I was trying to search down some Color Pulse, but it seems as though it's been discontinued.


----------



## BEA2LS (Jun 3, 2010)

i have used similar products to even out my color before and it does work, plus my hair did feel stronger.


----------



## ruthless (Jun 5, 2010)

Every time I colour my hair it improves the feel of it as long as I'm not lightening it.  

I was also intrigued by the "healthy look" but it has too few shades of dark brown-I don't want soft black, I want deepest dark brown and their version of dark brown well, isn't dark enough.

I use a "demi"permanent from Sally's since I'm just covering grey really and my hair is in pretty good shape considering below my ears is essentially bleach damage.
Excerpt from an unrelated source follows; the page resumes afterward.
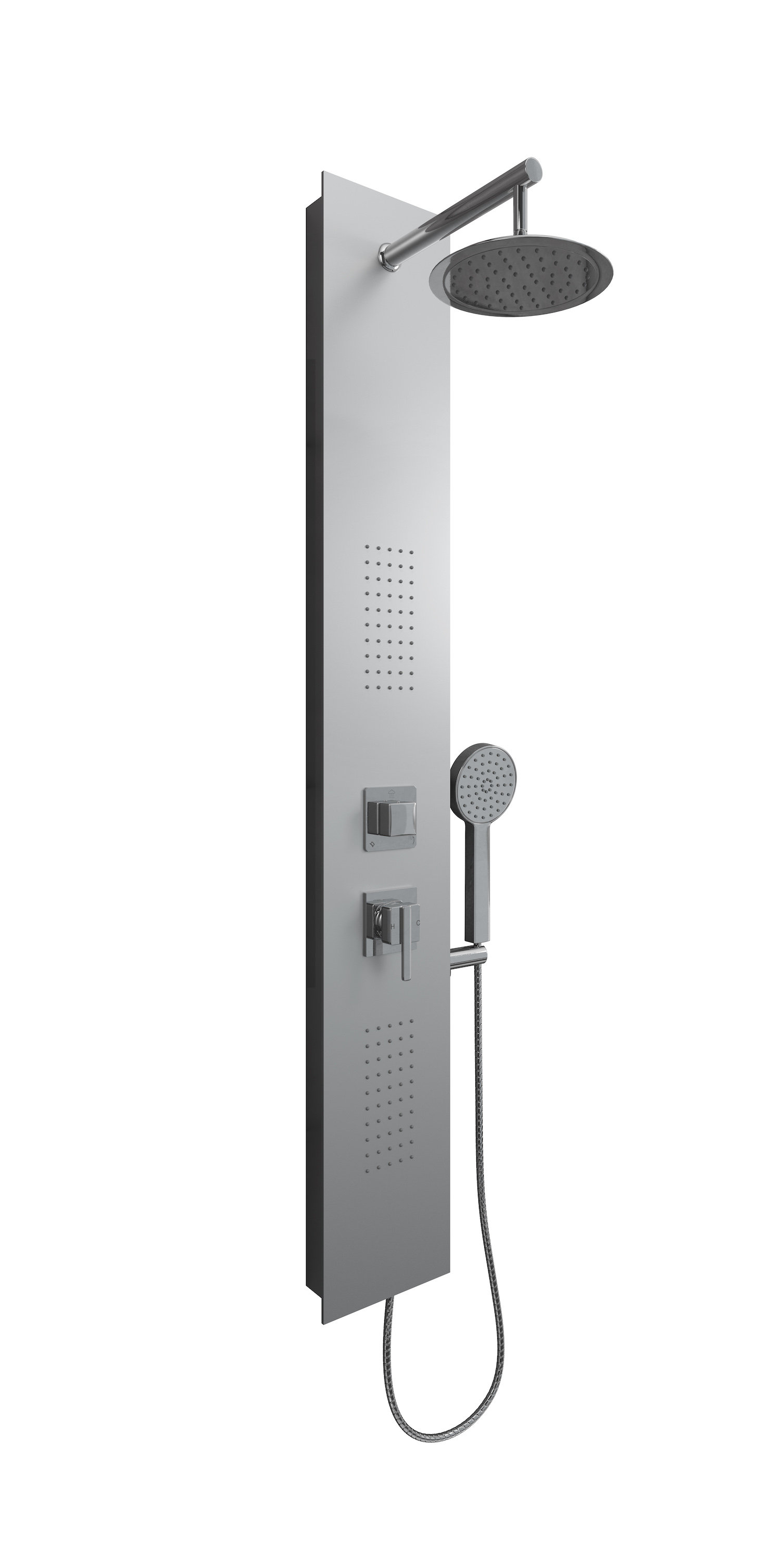 Belfry Bathroom Shower panel Milaan shower column fitting silver shower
As long as I don't try to get fancy and change the colour my hair should continue to look good.


----------



## GLAMORandGORE (Jun 12, 2010)

i've never used it, however i strongly would recommend not using box dyes. they include metals that never come out of your hair, which can lead to large problems later down the line when you want to change it.

i used a wash out color once, but i don't think it was very good (it was also back in middle school >__<) because it hardly stayed in at all.


----------



## Meisje (Jun 13, 2010)

Even though I have old highlights (grown down several inches from the root), the Healthy Look really only stayed in my hair for one wash.

I still think it improved the condition of my hair. I'm planning on getting a half-inch trim, so that should help as well.


----------